* [Problem to work on] Nothing but the lines from the one containing "stotis / replikatorius (MST30C2HHPDU)" to the final line of the entries should appear, copied exactly and without pictures.

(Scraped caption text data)
▬▬▬▬▬▬
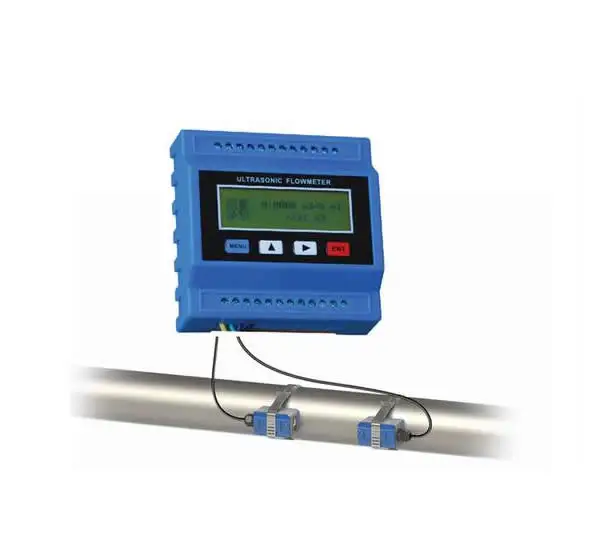 Yantai AUTO Clamp On Ultrasonic Flow Meter Transducer Utra sound Flow Measurement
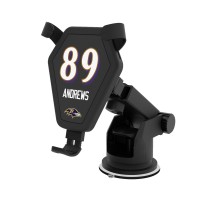 Baltimore Ravens Mark Andrews Keyscaper Black Wireless Car Charger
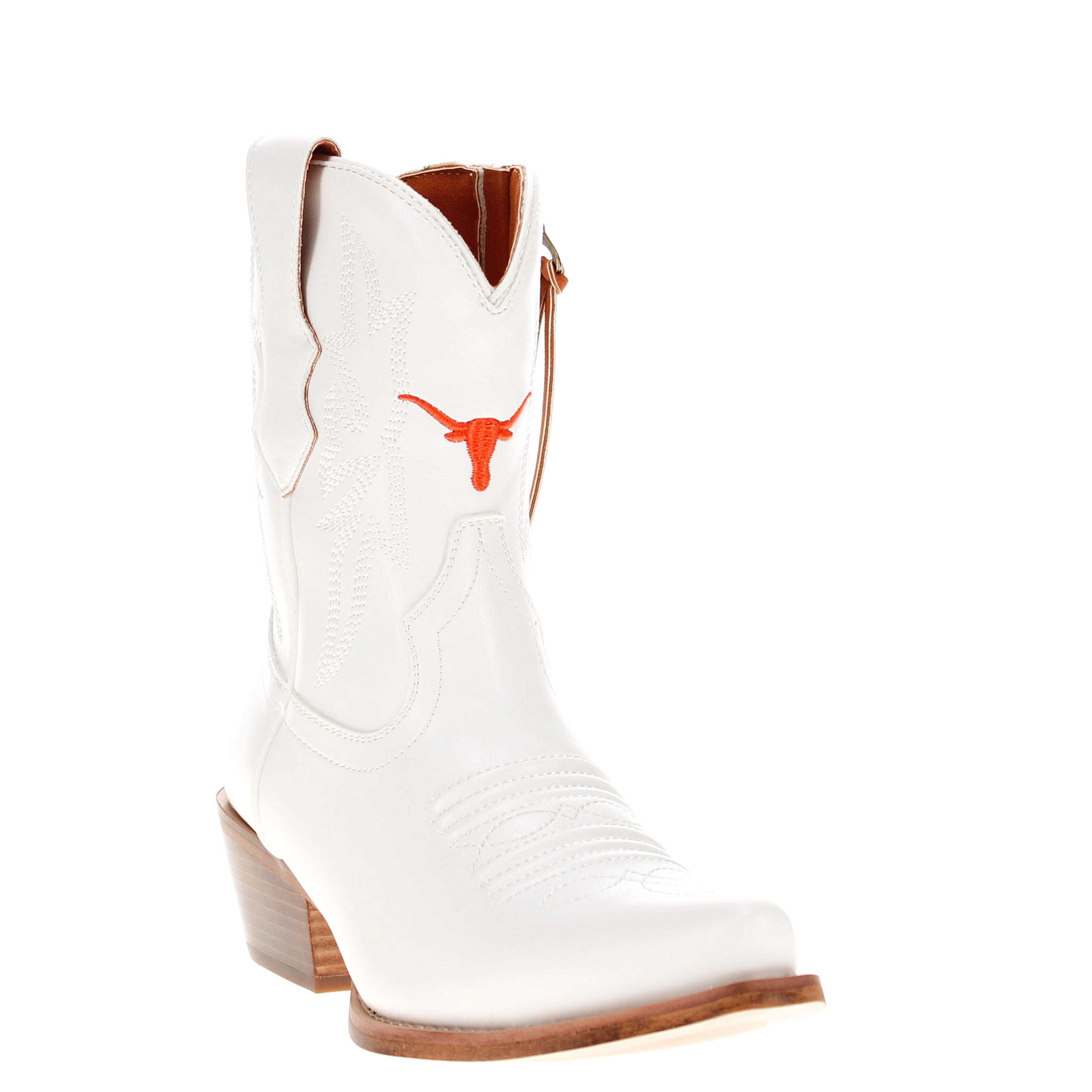 Women's University of Texas White Cowgirl Boots with Color Tassel Lynn by V by Vaccari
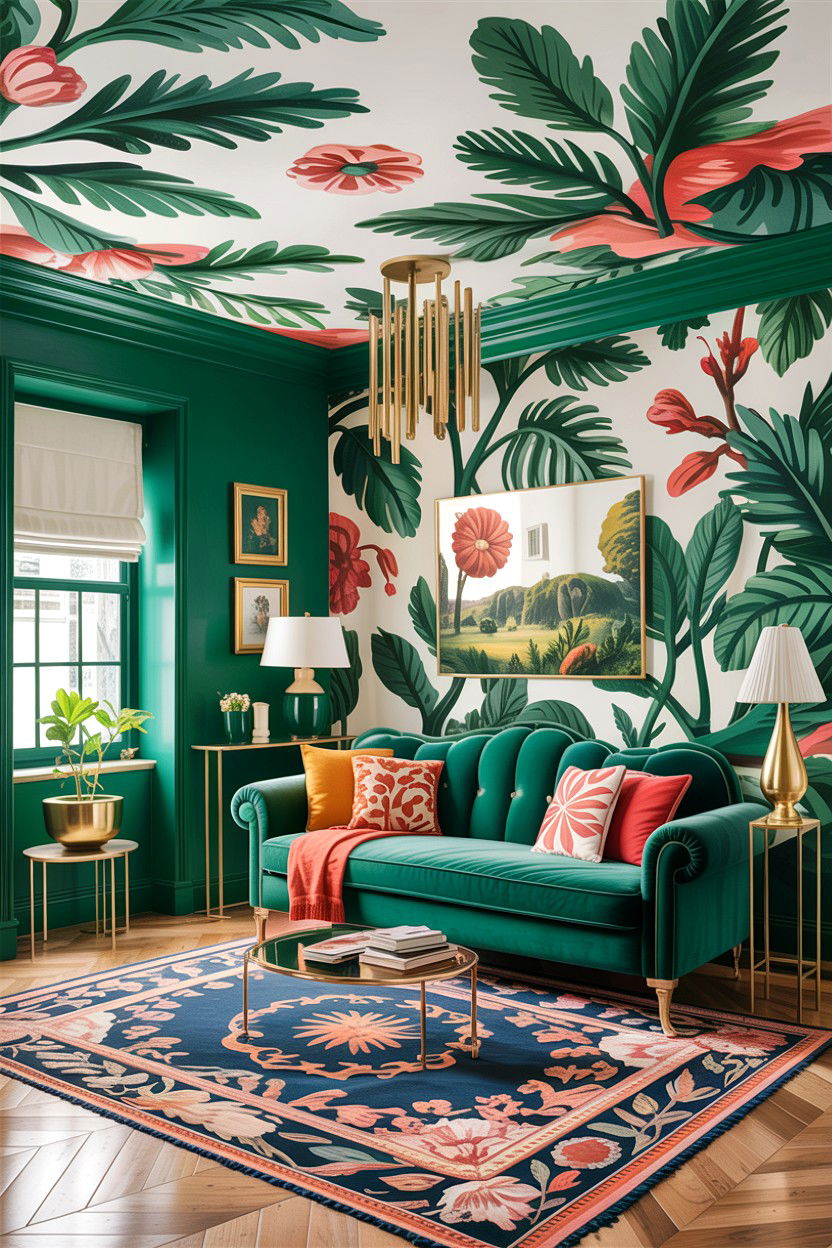 Wallpaper ceiling living room - 30 living room false ceiling designs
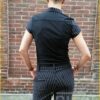 ZIP73 Jumpsuit kort krijtstreep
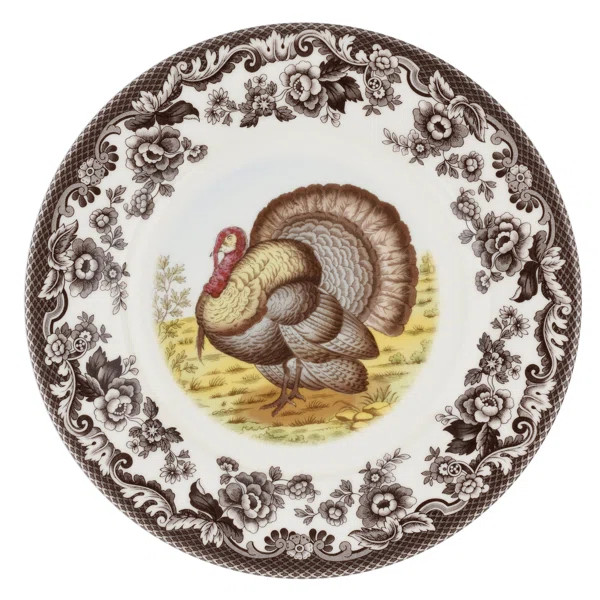 Spode Woodland Turkey 9.25" Salad Plate | Wayfair North America
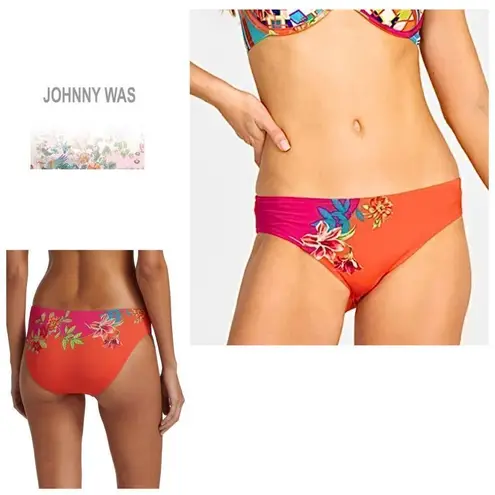Johnny Was New. floral bikini bottom. Size 2X. Retails $88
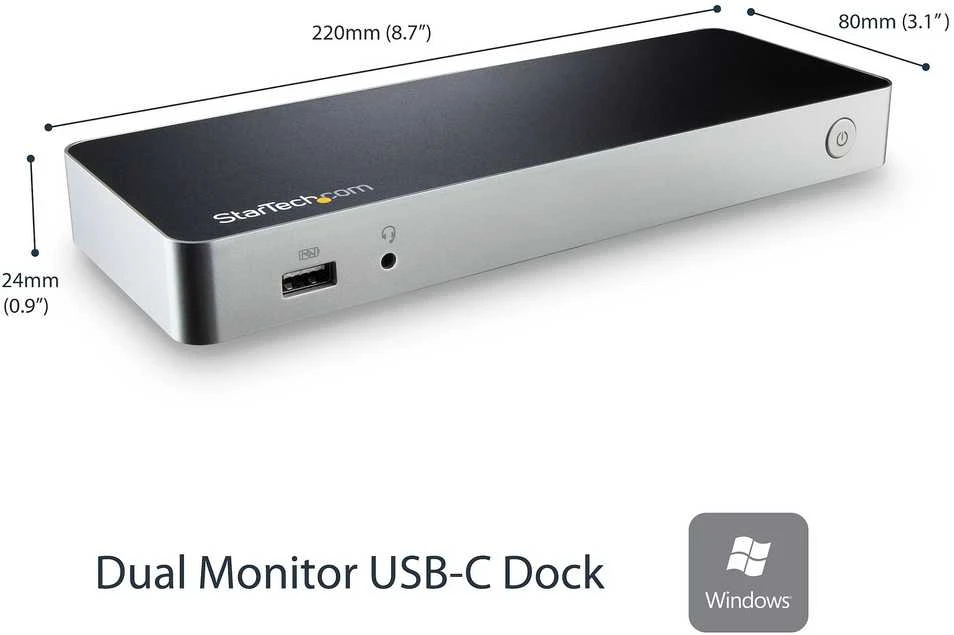 „StarTech Dual HDMI Dock“ USB-C stotis / replikatorius (MST30C2HHPDU)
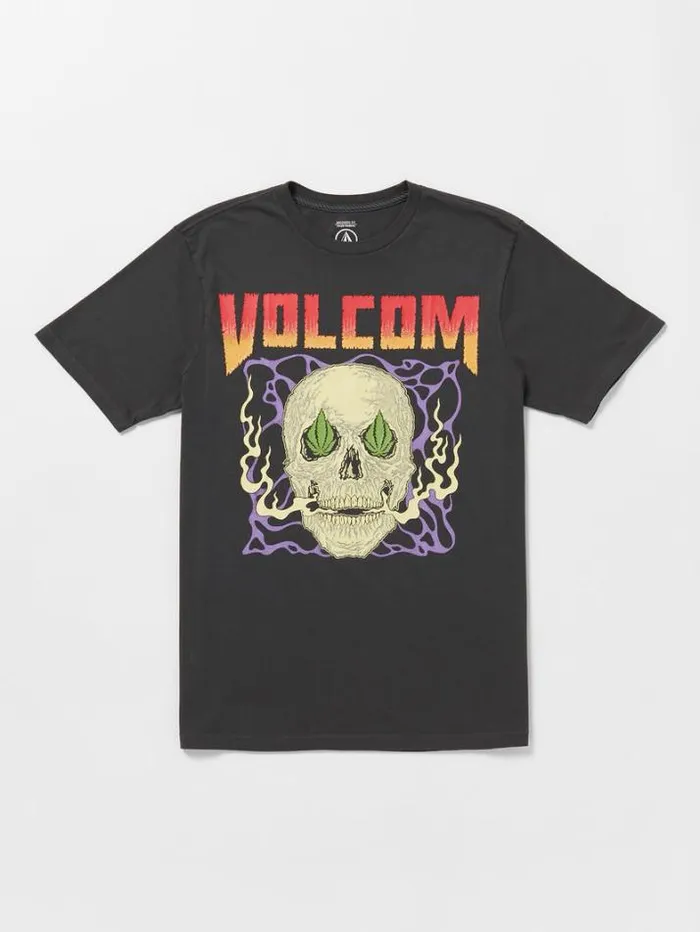 MensWomens TShirts and Tanks Volcom Stoned To The Bone Short Sleeve Tee 8211 Stealth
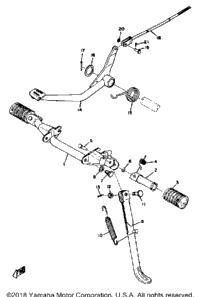 Stand Footrest Brake Pedal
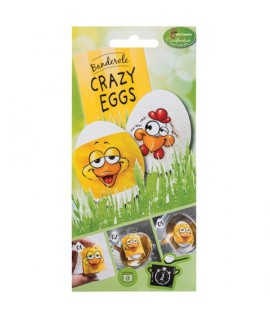 ADESIVI PER UOVA"CRAZY EGGS"12PZ 1024466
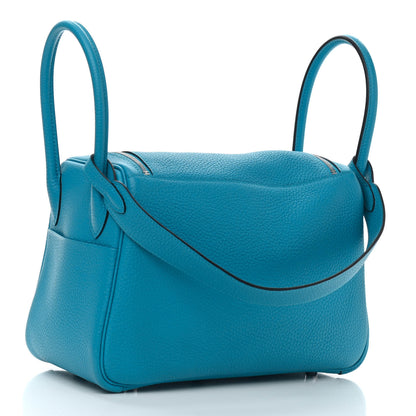 Hermes Taurillon Clemence Lindy 26 Bleu Frida 3 of 11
▬▬▬▬▬▬
* [Final answer]
 „StarTech Dual HDMI Dock“ USB-C stotis / replikatorius (MST30C2HHPDU)
 MensWomens TShirts and Tanks Volcom Stoned To The Bone Short Sleeve Tee 8211 Stealth
 Stand Footrest Brake Pedal
 ADESIVI PER UOVA"CRAZY EGGS"12PZ 1024466
 Hermes Taurillon Clemence Lindy 26 Bleu Frida 3 of 11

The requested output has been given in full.